EXERCISE DIRECTIONS> This exercise calls for retyping every line below exactly, with the images omitted.

(Stored data entries)

============================================================

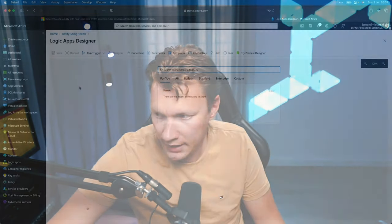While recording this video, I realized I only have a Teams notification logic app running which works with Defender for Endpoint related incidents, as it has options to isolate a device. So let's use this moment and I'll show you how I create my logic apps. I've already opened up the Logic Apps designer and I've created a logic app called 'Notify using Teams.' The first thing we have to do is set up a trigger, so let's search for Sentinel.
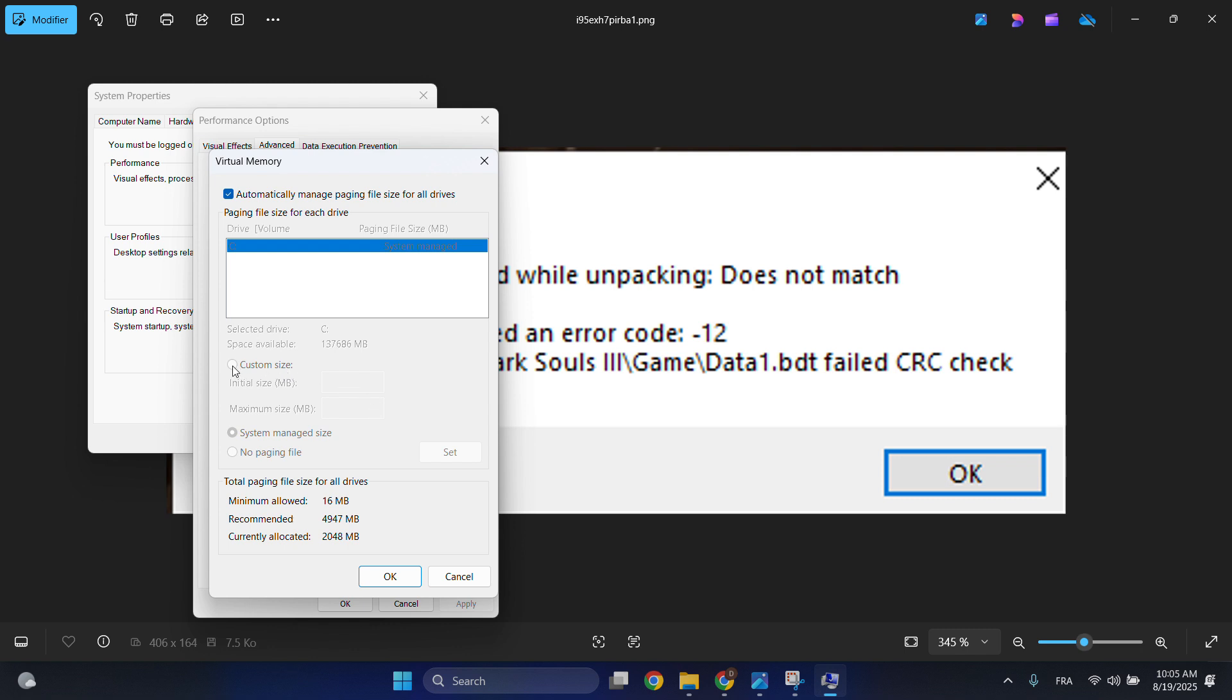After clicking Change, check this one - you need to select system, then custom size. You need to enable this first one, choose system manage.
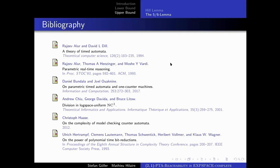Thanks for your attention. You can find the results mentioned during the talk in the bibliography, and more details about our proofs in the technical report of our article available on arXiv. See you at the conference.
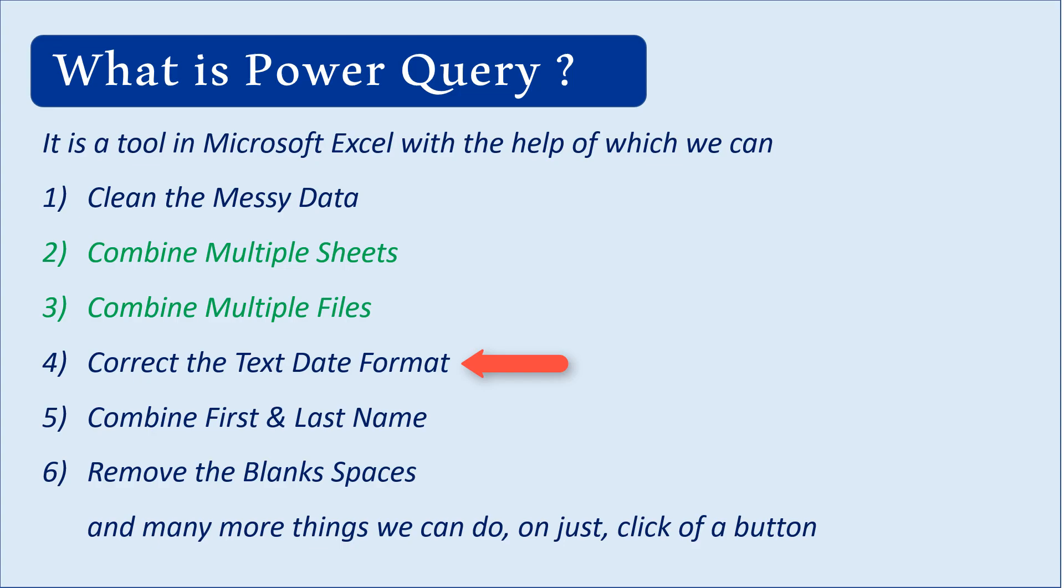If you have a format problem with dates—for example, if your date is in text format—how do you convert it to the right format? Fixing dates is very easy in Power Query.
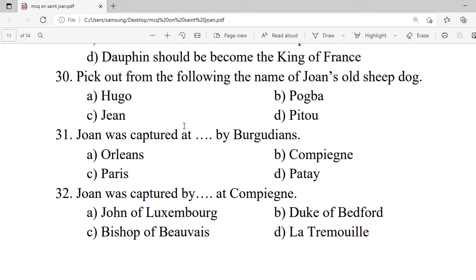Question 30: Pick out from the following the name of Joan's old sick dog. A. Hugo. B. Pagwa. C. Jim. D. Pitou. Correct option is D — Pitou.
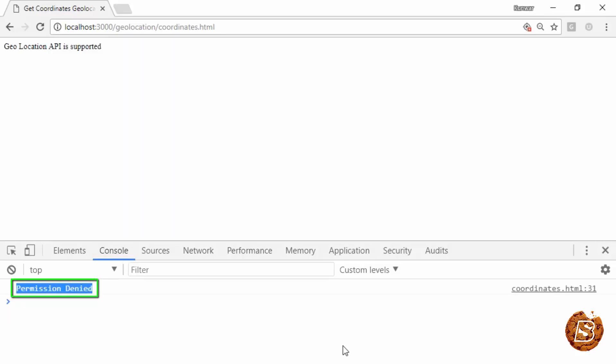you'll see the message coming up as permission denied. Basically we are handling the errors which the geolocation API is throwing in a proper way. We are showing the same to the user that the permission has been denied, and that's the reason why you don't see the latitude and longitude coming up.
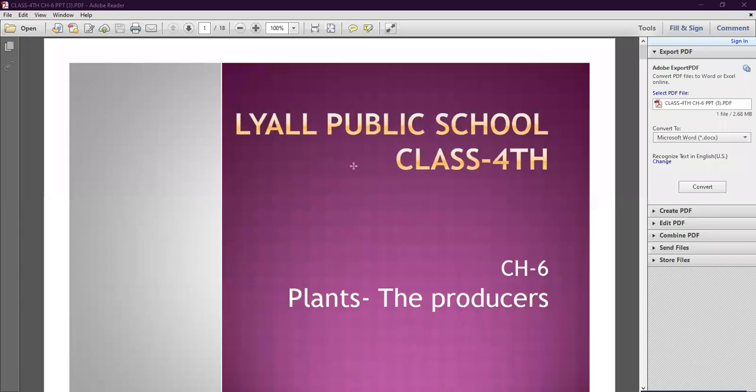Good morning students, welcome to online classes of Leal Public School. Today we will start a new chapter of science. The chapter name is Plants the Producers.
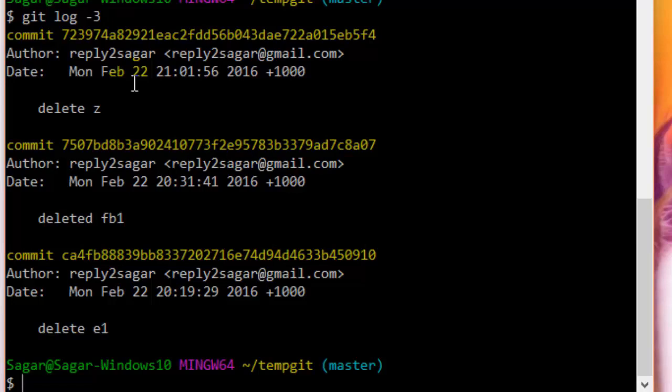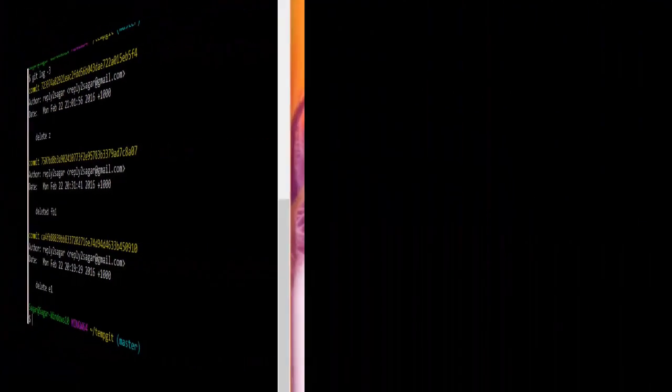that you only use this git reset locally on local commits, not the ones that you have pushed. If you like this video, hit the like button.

============================================================

YOUR RESPONSE>
While recording this video, I realized I only have a Teams notification logic app running which works with Defender for Endpoint related incidents, as it has options to isolate a device. So let's use this moment and I'll show you how I create my logic apps. I've already opened up the Logic Apps designer and I've created a logic app called 'Notify using Teams.' The first thing we have to do is set up a trigger, so let's search for Sentinel.
After clicking Change, check this one - you need to select system, then custom size. You need to enable this first one, choose system manage.
Thanks for your attention. You can find the results mentioned during the talk in the bibliography, and more details about our proofs in the technical report of our article available on arXiv. See you at the conference.
If you have a format problem with dates—for example, if your date is in text format—how do you convert it to the right format? Fixing dates is very easy in Power Query.
Question 30: Pick out from the following the name of Joan's old sick dog. A. Hugo. B. Pagwa. C. Jim. D. Pitou. Correct option is D — Pitou.
you'll see the message coming up as permission denied. Basically we are handling the errors which the geolocation API is throwing in a proper way. We are showing the same to the user that the permission has been denied, and that's the reason why you don't see the latitude and longitude coming up.
Good morning students, welcome to online classes of Leal Public School. Today we will start a new chapter of science. The chapter name is Plants the Producers.
that you only use this git reset locally on local commits, not the ones that you have pushed. If you like this video, hit the like button.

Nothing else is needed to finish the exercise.